Stephanie Müller said that it is frightening to see how well Lindgren's speech still fits in our time today. She believed that this should be read and internalized by people over and over again.

Stephanie Streif of the Badische Zeitung wrote that the little book is dedicated to "a very big, important topic": "children's rights".

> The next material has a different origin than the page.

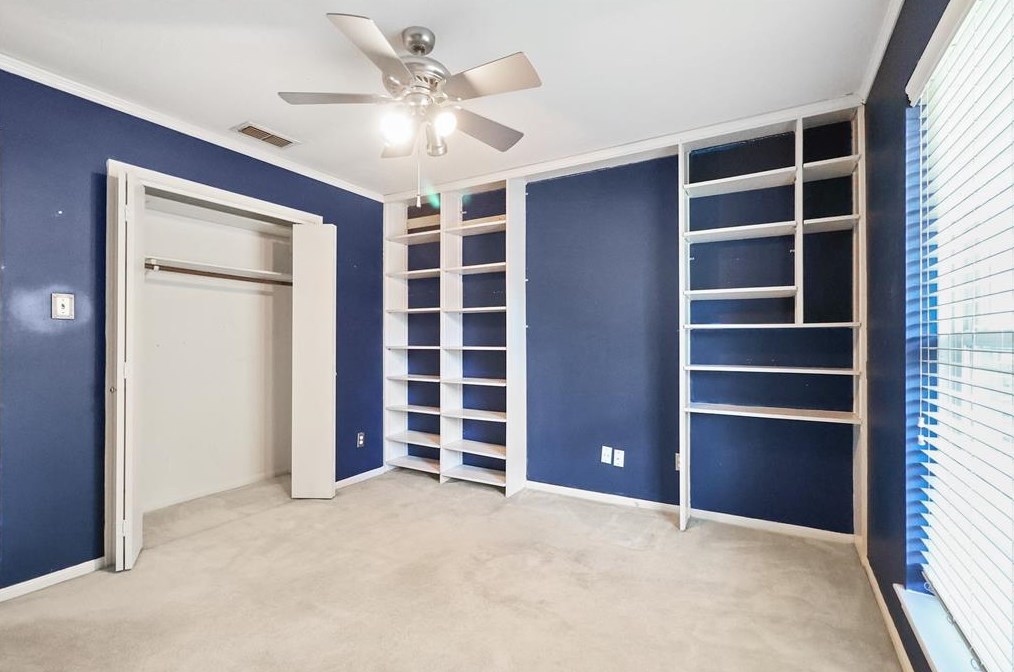 2807 Quincannon Ln, Houston TX 77043-1202 exterior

Luette Lotte found that at first the book seems inconspicuous and small, but its content is deeply moving and makes people think.

=== Editions ===
- Astrid Lindgren (2014): ποτέ βία! (Pote via!, Modern Greek). Tankobon Hardcover. ISBN 9786188119314
- Astrid Lindgren (2015): 暴力は絶対だめ! (Boryoku wa zettai dame) (Japanese). Tankobon Hardcover. ISBN 9784000247894
- Astrid Lindgren (2017): Niemals Gewalt! (German). Friedrich Oetinger Verlag. ISBN 9785001140450
- Astrid Lindgren (2018): Aldrig våld! (Swedish). Astrid Lindgren Text. ISBN 9789187659133
- Astrid Lindgren (2018): Never violence! (English). Astrid Lindgren Text. ISBN 9789177737001
- Astrid Lindgren (2019): Mai violenza! (Italian). Salani. ISBN 9788893817912
- Astrid Lindgren (2019): Net nasiliju! (Russian). Belaja vorona. ISBN 9785001140450
- Astrid Lindgren (2020): Żadnej przemocy! (Polish). Zakamarki. ISBN 9788377761977
- Astrid Lindgren (2021): 폭력에 반대합니다 (Korean). Hugobooks. ISBN 9791186602621
- Astrid Lindgren (2021): ¡Violencia, jamás! (Spanish). Kókinos. ISBN 9788417742454

== Short film ==

Never Violence (original title: Niemals Gewalt) is a short film by David Aufdembrinke. It is based on the story told by Astrid Lindgren during her speech.

=== Plot ===
A boy watches his neighbor baking a strawberry cake. He steals the strawberry cake and eats it, but he is discovered by the neighbour. She brings him to his mother and tells her to punish her son. The mother tells her son to go outside and get a stick. When it gets dark, the boy is still not back. The mother runs into the forest and calls for him, but her son does not answer. Then she runs to the phone. Just when she wants to make a call, her son comes back and says that he is sorry. The mother explains that the most important thing is that he is back. The boy tells his mother he could not find a stick. Instead, he gives her a big stone. He adds that she could hurt him with that too. The mother looks at him in horror, puts the stone aside and hugs her boy. The stone is placed on the windowsill and the words "Never Violence" appear.

=== Background ===
The film crew needed more than a year to develop the film. Later the film was made with a budget of 3,000 euros, within three days in Steinberg-Haff und Emkendorf in Schleswig-Holstein. At first it was considered to relocate history to the present day. The mother should have been a single parent and should have come from a precarious situation, but that would have let into many viewers seeing violence as a problem of others. Instead, the film crew wanted to portray violence from a child's point of view. Director David Aufdembrinke explained that it is a child who does everything to gain his mother's love. He added that it was important for him to demonstrate that children who experience violence perceive it as something completely normal and pass it on to others. If violence is a strange thing for them, one can hope for a peaceful future. The film was released on the International Children's Day on 20 September 2009 by the DAGO Kinderlobby (DAGO Children's Lobby) in cooperation with the Deutsche Liga für das Kind (German League for the Child in Family and Society). These two organizations work for the rights of young people. It was the first film role for the main actor Justus Herold. In 2010, the film was shown at the Sardinia Film Festival in Sardinia. The Stiftung Kinderschutz Schweiz (Swiss Foundation for Child Protection) showed the film on their website during the international No Hitting Day.

=== Reception ===
Sandra Schäfer of the Berliner Morgenpost said that the story would be timeless through the choice of images and the rural environment. In addition, the film would strongly remind the viewer of the world of Astrid Lindgren's characters.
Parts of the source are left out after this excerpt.